Exercise instructions ::
Starting at the line containing "Handpans und Meer" and ending at the line containing "Image 21 of 44: Deck", transcribe the listing below exactly. Keep both end lines, skip the pictures, and copy nothing else.

Information ::
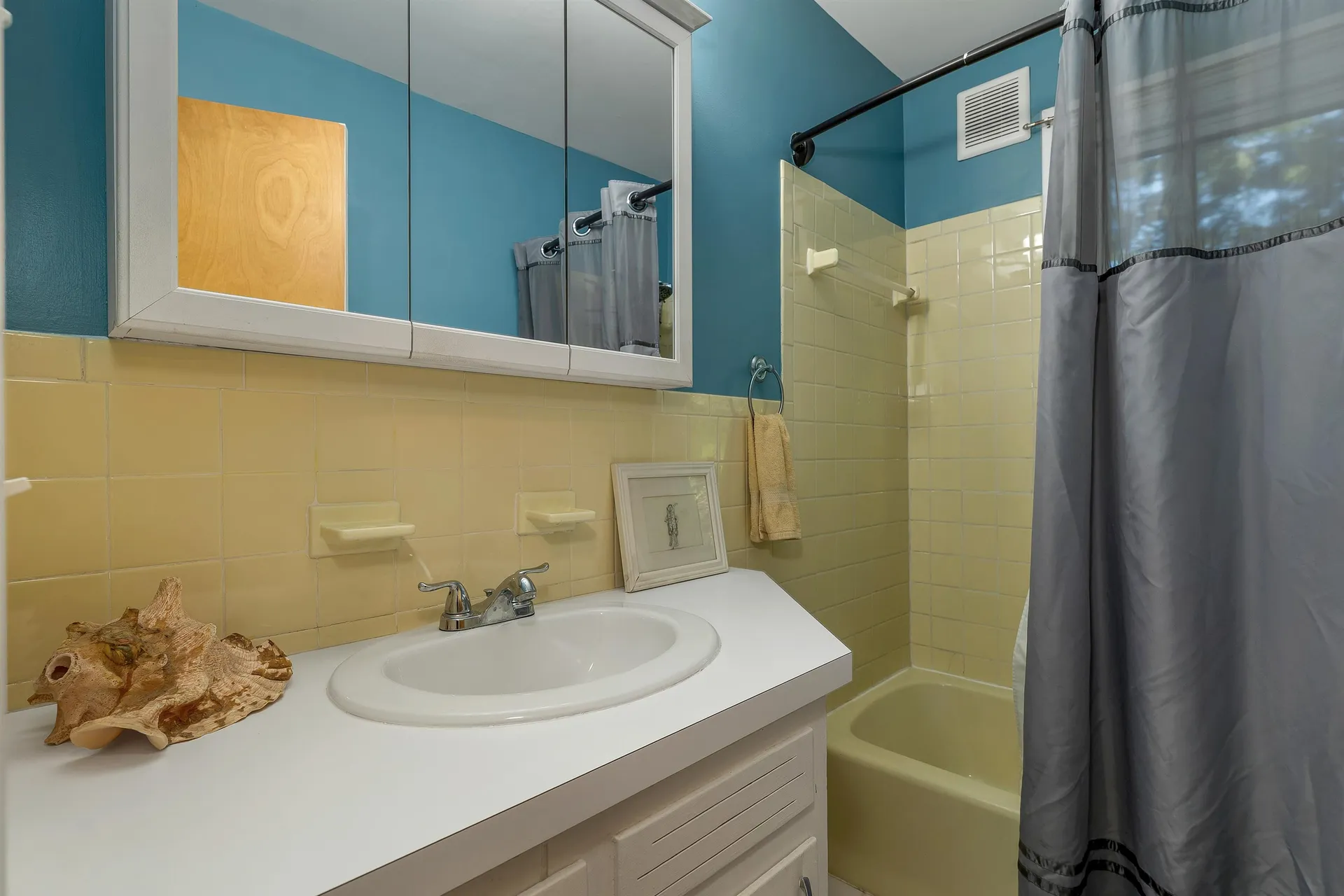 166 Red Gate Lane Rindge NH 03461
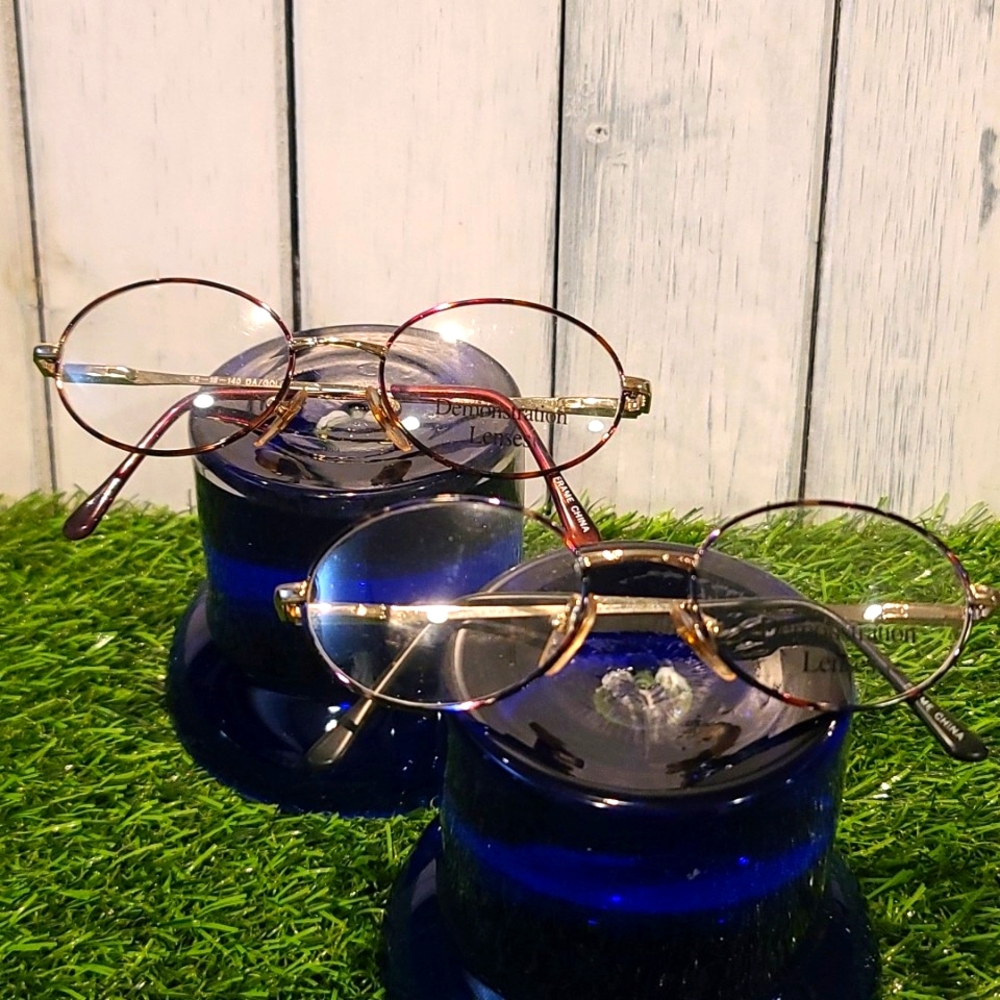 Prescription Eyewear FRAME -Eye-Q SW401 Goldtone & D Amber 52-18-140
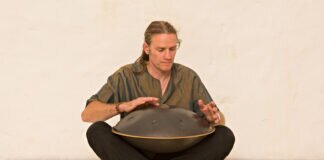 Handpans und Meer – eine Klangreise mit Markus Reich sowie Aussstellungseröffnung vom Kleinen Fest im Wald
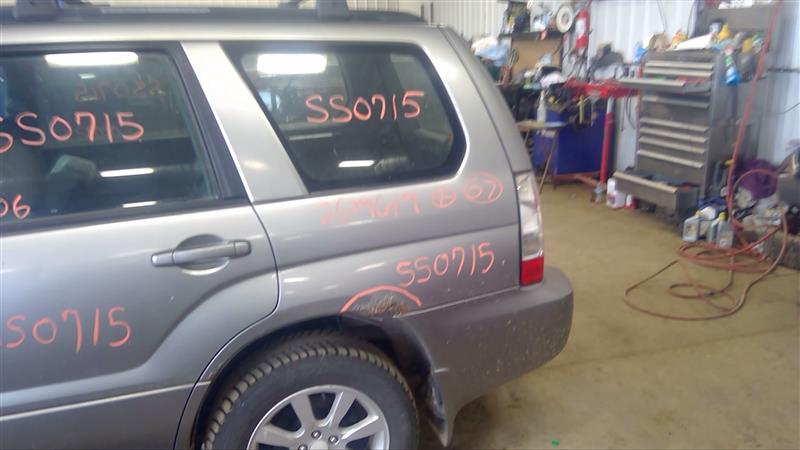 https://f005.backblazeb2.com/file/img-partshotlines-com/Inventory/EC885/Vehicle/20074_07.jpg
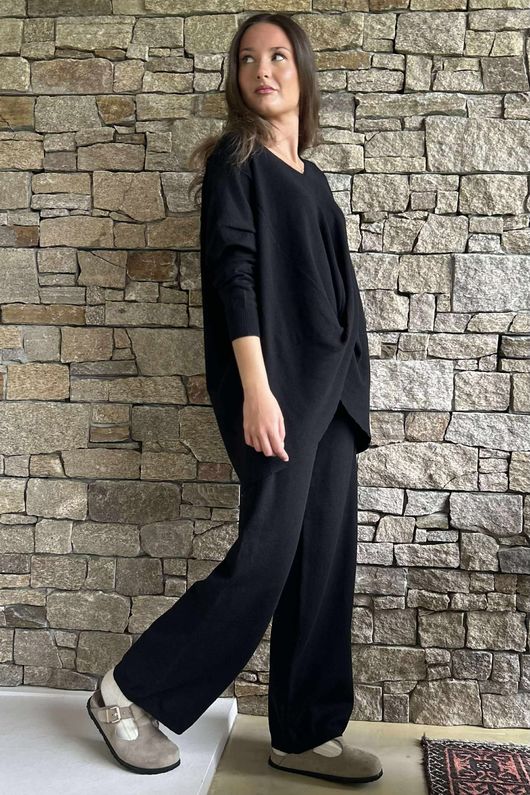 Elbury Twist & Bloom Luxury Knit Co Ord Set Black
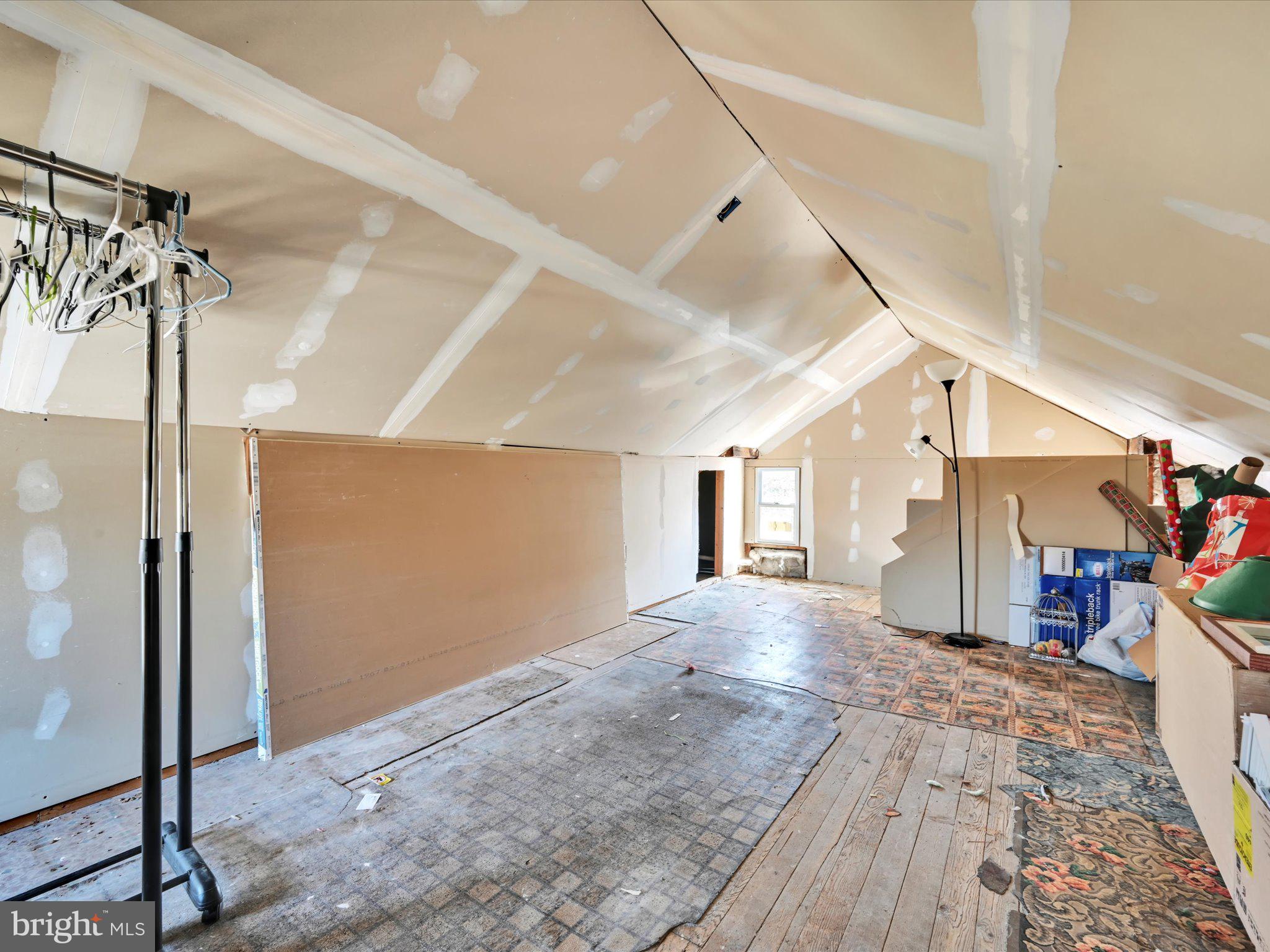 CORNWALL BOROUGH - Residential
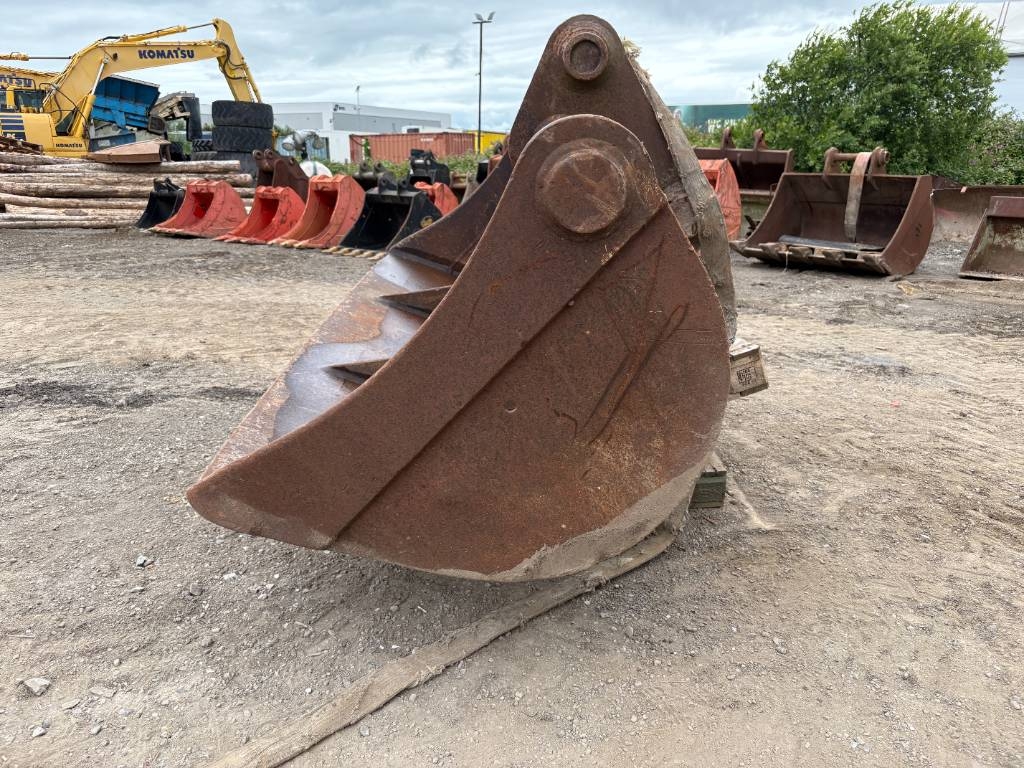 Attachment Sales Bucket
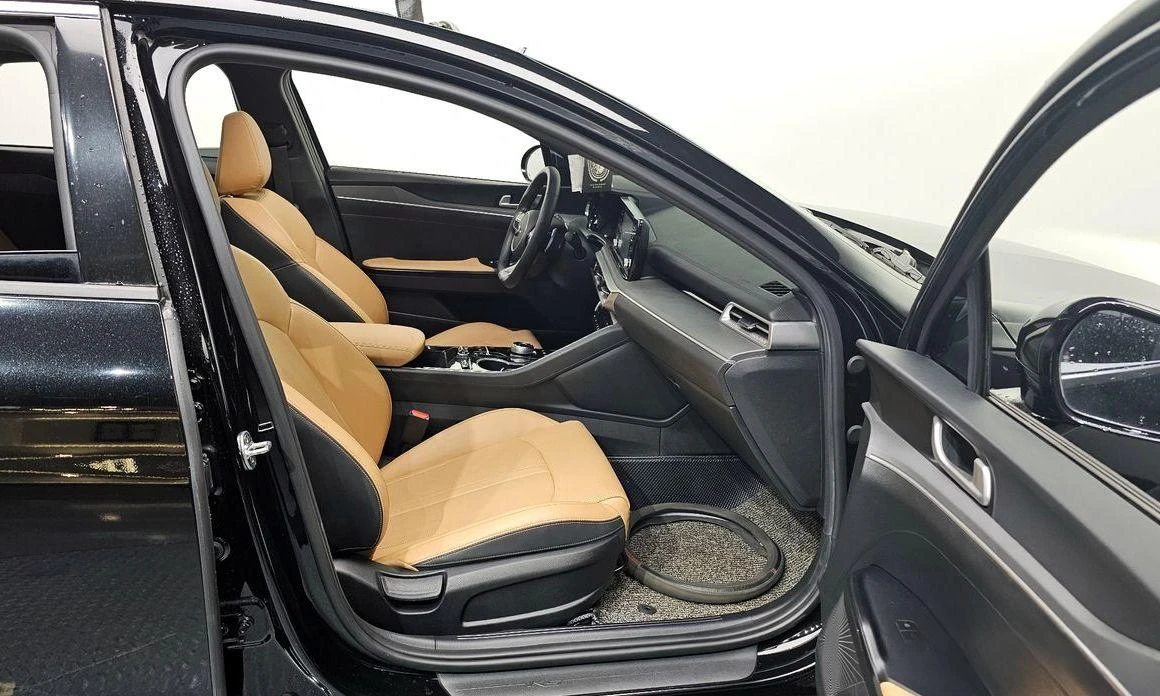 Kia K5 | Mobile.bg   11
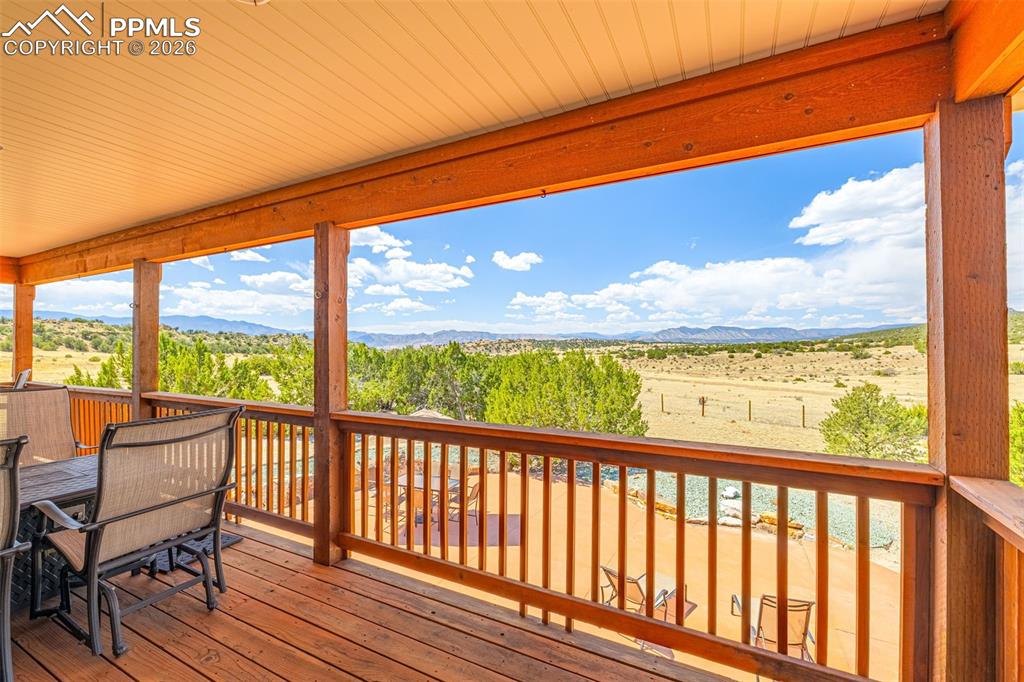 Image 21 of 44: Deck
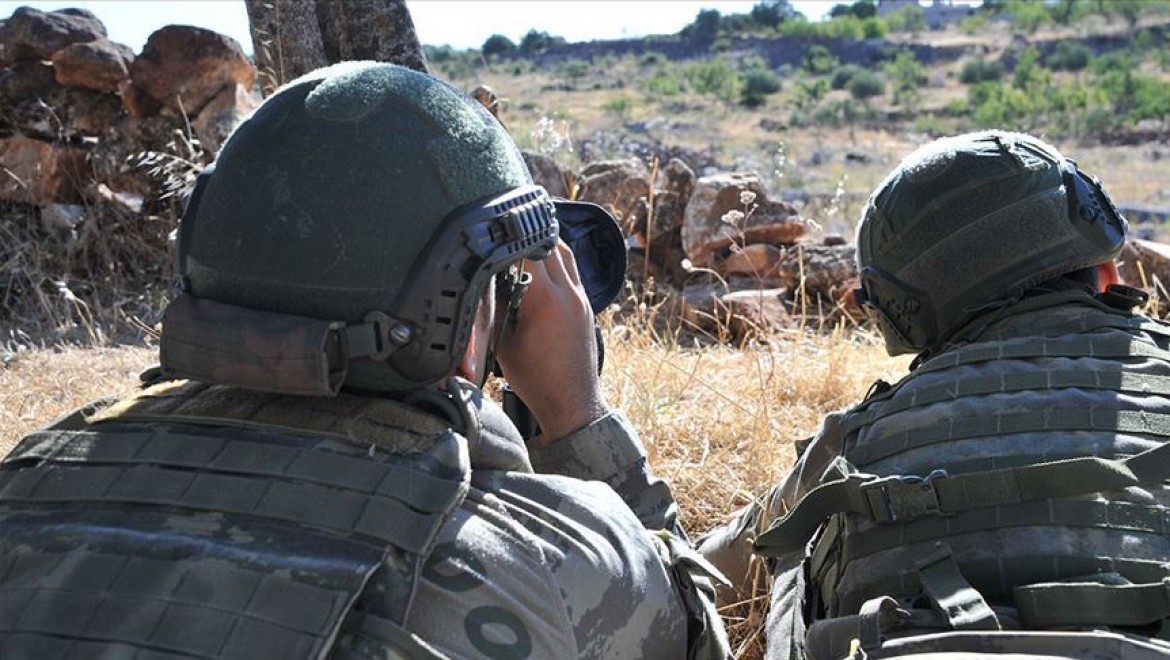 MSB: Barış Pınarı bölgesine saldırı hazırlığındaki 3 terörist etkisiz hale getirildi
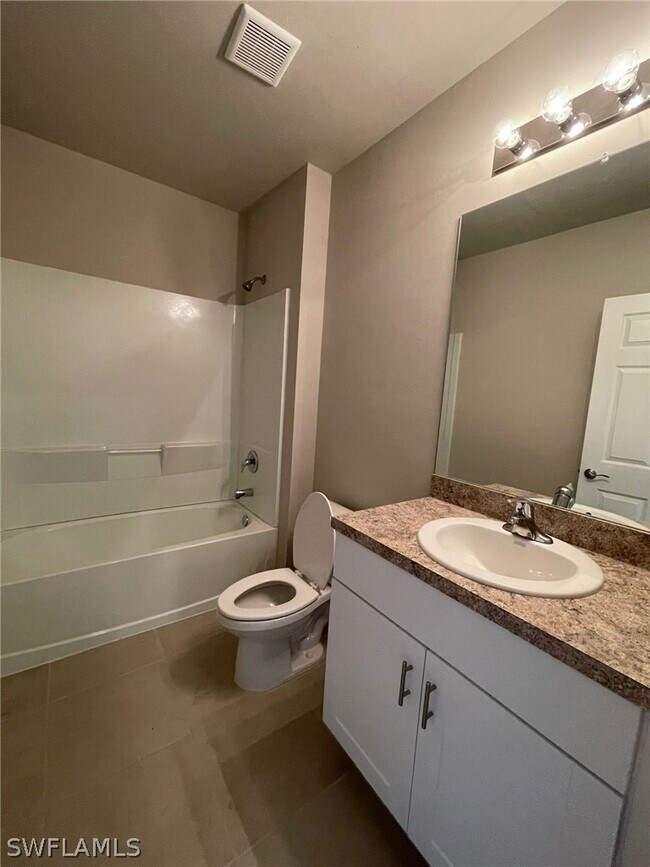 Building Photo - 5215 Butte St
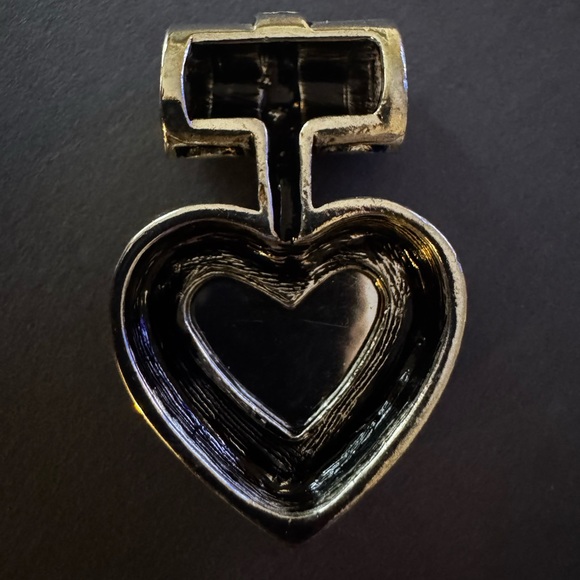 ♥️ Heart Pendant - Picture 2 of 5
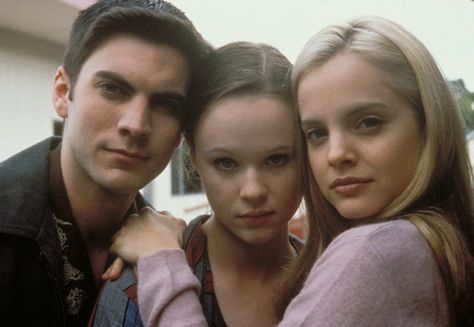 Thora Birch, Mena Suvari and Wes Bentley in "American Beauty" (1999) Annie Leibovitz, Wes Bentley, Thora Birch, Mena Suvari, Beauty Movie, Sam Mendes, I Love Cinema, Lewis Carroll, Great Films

Result for this task ::
 Handpans und Meer – eine Klangreise mit Markus Reich sowie Aussstellungseröffnung vom Kleinen Fest im Wald
 https://f005.backblazeb2.com/file/img-partshotlines-com/Inventory/EC885/Vehicle/20074_07.jpg
 Elbury Twist & Bloom Luxury Knit Co Ord Set Black
 CORNWALL BOROUGH - Residential
 Attachment Sales Bucket
 Kia K5 | Mobile.bg   11
 Image 21 of 44: Deck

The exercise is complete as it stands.